Yellow/Pink/Golden-Lance-Levi-Kloden (depending on who the team has Evans
Polka Dot/Green/Green-B. Feillu (depending on who the team has Evans, Martinez, Zubeldia all would have a chance)
Green/Mauve/Blue- R.Felliu (depending on who the teams has Boonen)
White/White-B.Felliu-Nibali (depending on who the team has Luis Leon Sanchez)

White Jersey in the Vuelta a Espana-Lance-Levi-Kloden (" " Evans)
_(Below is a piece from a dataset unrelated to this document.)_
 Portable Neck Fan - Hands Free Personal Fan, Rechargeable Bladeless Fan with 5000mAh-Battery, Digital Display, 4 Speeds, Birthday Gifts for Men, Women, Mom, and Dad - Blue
These are just some prelimanary thoughts on the team

Your Thoughts?


----------



## FondriestFan (May 19, 2005)

I'd say no on Boonen and Sanchez, but hey, money talks so anything's possible.


----------



## Team RadioShack (Jul 26, 2009)

FondriestFan said:


> I'd say no on Boonen and Sanchez, but hey, money talks so anything's possible.


I think they are possible because Quick Step suspended Boonen for run in with cocaine (he is clean now) plus he was on U.S. Postal form 2000-01 and L.L. Sanchez has been with Caisse D'Eprange since 2007 and that means his contract could be up and as ypu said money talks

If anyone has a site where I can veiw the contracts of the cyclists please post link. Thanks


----------



## lucer0 (Apr 13, 2007)

Quickstep has been solidly behind Boonen through all of his crazy partying antics - I don't think he'd leave out of unhappiness. Plus he lives for Paris-Roubaix, and I can't see a TDF-centered team doing supremely well there.


----------



## OldEndicottHiway (Jul 16, 2007)

Team RadioShack said:


> *Your Thoughts*?



Me.

A chick on the team would be a nice touch. But my contract shall include a tow rope, and Merlot. If they throw in a puppy to sweeten the deal I'm in.


----------